On binary forms II

The following joint paper of myself and my advisor Professor C.L. Stewart has been released on the arxiv. In this follow-up post, I would like to describe in some detail how to establish an asymptotic formula for the number of integers in an interval which are representable by a fixed binary form $F$ with integer coefficients and non-zero discriminant.

There are essentially three ingredients which go into the proof, each established decades apart. The first essential piece of the puzzle was established by Kurt Mahler in the 1930’s. He showed that if we examine the number of integer points in the region $\{(x,y) \in \mathbb{R}^2 : |F(x,y)| \leq Z\}$, then the number of such points is closely approximated by the area of the region. Since the region is homogeneously expanding, the area itself is well-approximated by scaling the fundamental region’ given by $\{(x,y) \in \mathbb{R}^2 : |F(x,y)| \leq 1\}$. Indeed, let $A_F$ denote the area of this fundamental region and let $N_F(Z)$ denote the number of integer pairs $(x,y) \in \mathbb{Z}^2$ such that $|F(x,y)| \leq Z$. Then Mahler proved that $\displaystyle N_F(Z) \sim A_F Z^{\frac{2}{d}}.$

More precisely, he proved a very good error term.
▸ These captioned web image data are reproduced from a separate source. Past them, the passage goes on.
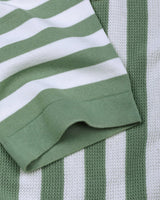 Prime Mint Green With White Knitted Cotton Polo T-Shirt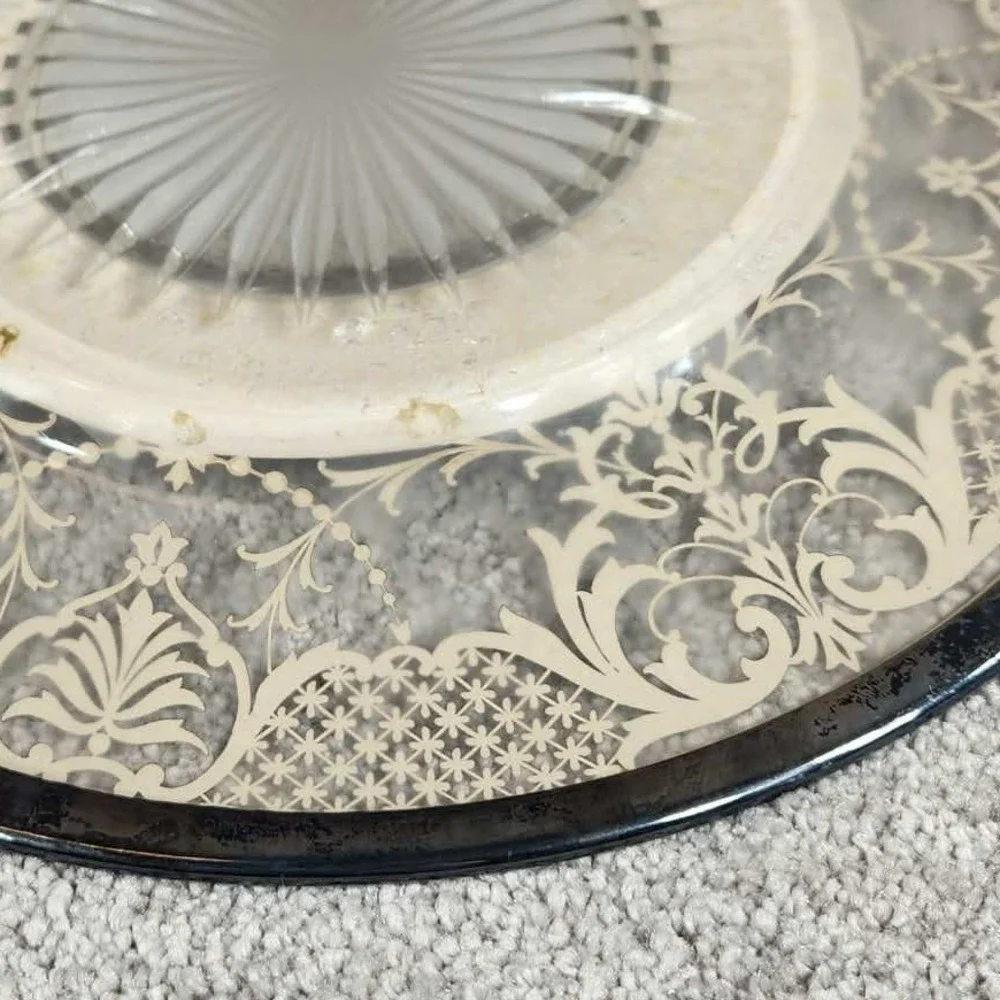 Vintage Silver Overlay‎ Glass Plate Clear Floral Scroll Etched Sunburst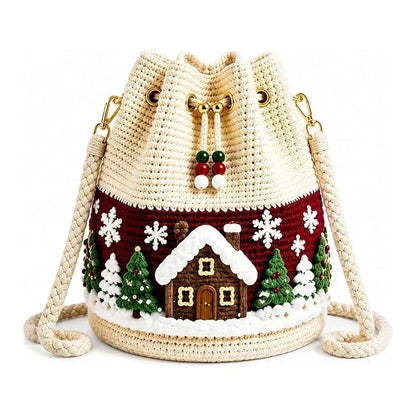 🎄 3D Crochet Christmas Bucket Bag ✨ Festive Crossbody Purse with Detachable Strap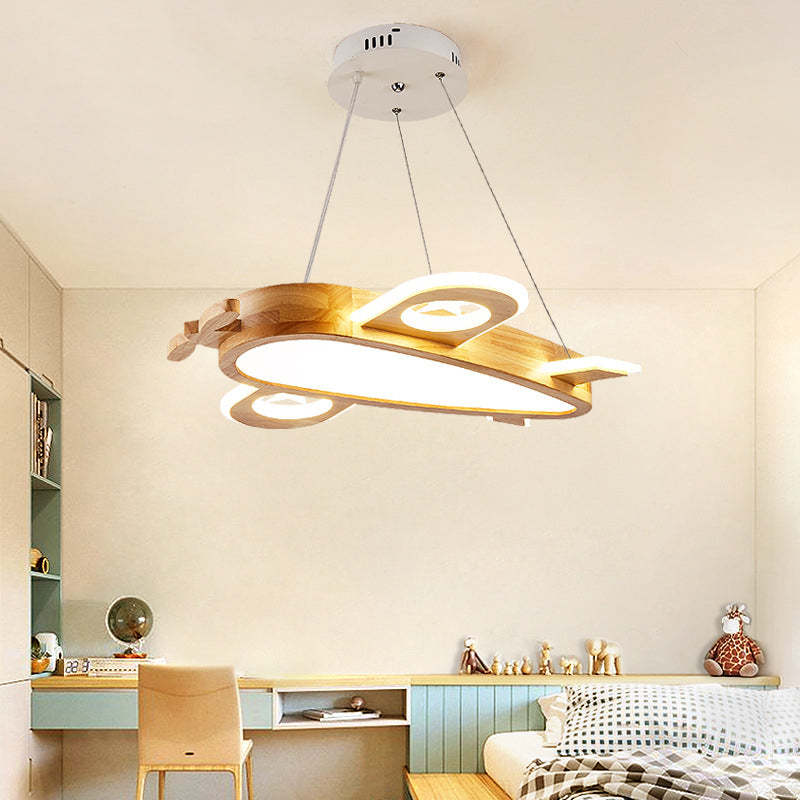 Arisha lampă suspendată modernă naturală creativă DIY, formă de avion pentru copii, lemn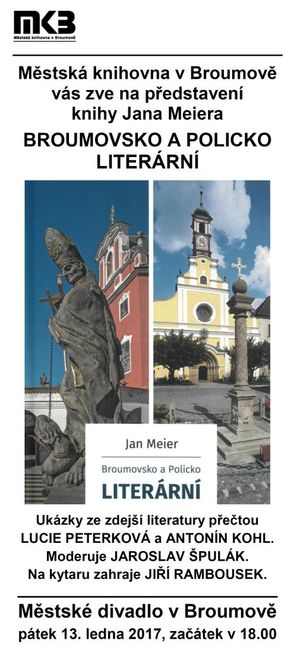 Jan Meier představí svoji novou knihu s názvem Broumovsko a Policko literární 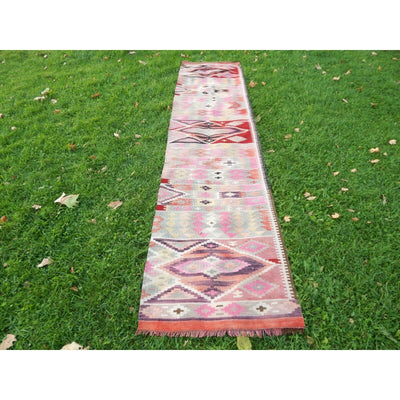 1970s Vintage Turkish Geometrical Oushak Kilim Runner 2.5 x 10.6 FT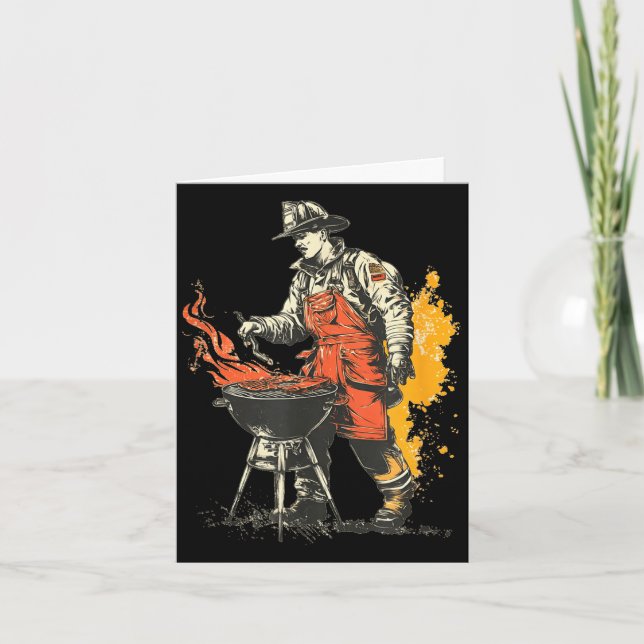 Carte Joli pompier avec barbecue pour boeuf et épicé (Devant)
He showed that when $d \geq 3$, we have $\displaystyle N_F(Z) = A_F Z^{\frac{2}{d}} + O_F\left(Z^{\frac{1}{d-1}} \right).$

The question then becomes is there some way to remove the redundancies in Mahler’s theorem? For example, if $F$ has even degree, then $F(x,y) = F(-x,-y)$ for all $(x,y) \in \mathbb{R}^2$, so the pairs $(x,y), (-x,-y) \in \mathbb{Z}^2$ represent the same integer. Is it true that this is the only way that this can happen? Unfortunately, the answer is no. For example, consider the binary form $F_n = x^n + (x - y)(2x - y) \cdots (nx-y)$. Then clearly the points $(1,1), \cdots, (1,n)$ all represent 1, and this construction works for any positive integer $n$. Therefore, there does not appear to be a simple way to count the multiplicities of points representing the same integer in Mahler’s theorem.

While examples like the above exist, perhaps it is possible that this happen sufficiently rare as to be negligible. For instance, if only $O\left(Z^{2/d - \delta}\right)$ many points counted by $N_F(Z)$ are such that there exist many essentially different’ (precise definition to come) other points which represent the same integer, and even in the worst case there can be at most say $O\left(Z^{\frac{\delta}{2}}\right)$ many essentially different pairs, then we have shown that in total, the contribution from these bad points to $N_F(Z)$ is only $O\left(Z^{\frac{2}{d} - \frac{\delta}{2}}\right)$, which is fine.

We shall now make some definitions. We say that an integer $h$ is essentially represented by $F$ if there exist two integer pairs $(x_1, y_1), (x_2, y_2)$ for which $F(x_1, y_1) = F(x_2, y_2) = h$, then there exists an element $\displaystyle T = \begin{pmatrix} t_1 & t_2 \\ t_3 & t_4 \end{pmatrix} \in \text{GL}_2(\mathbb{Q})$ such that $\begin{pmatrix} x_1 \\ y_1 \end{pmatrix} = T \begin{pmatrix} x_2 \\ y_2 \end{pmatrix}$

and such that $F_T(x,y) = F(t_1 x + t_2 y, t_3 x + t_4 y) = F(x,y)$

for all $(x,y) \in \mathbb{C}^2$. Otherwise, we say that $h$ is not essentially represented.

Now put $R_F(Z)$ to be the number of integers up to $Z$ which are representable by $F$, and let $R_F^{(1)}(Z)$ be the number of essentially represented integers and $R_F^{(2)}(Z)$ be the number of non-essentially represented integers. If we can show that $R_F(Z) \sim R_F^{(1)}(Z)$, then we are basically done. This amounts to showing that $R_F^{(2)}(Z)$ is small compared to $Z^{\frac{2}{d}}$.

Christopher Hooley proved this for both the ‘easy cubic case’ and the ‘hard cubic case’. However, it was D.R. Heath-Brown who showed that $R_F^{(2)}(Z)$ is always small compared to $R_F^{(1)}(Z)$. This paved the way to our eventual success at this problem.

It remains to account for the interaction between those $T \in \text{GL}_2(\mathbb{Q})$  which fix $F$ and $R_F^{(1)}(Z)$. These elements are called the rational automorphisms of $F$ and we denote them by $\text{Aut} F = \text{Aut}_\mathbb{Q} F$. The most novel contribution we made to this topic is that we accounted for the exact interaction between $\text{Aut} F$ and $R_F^{(1)}(Z)$ with the so-called ‘redundancy lemmas’. This will be discussed at a future time.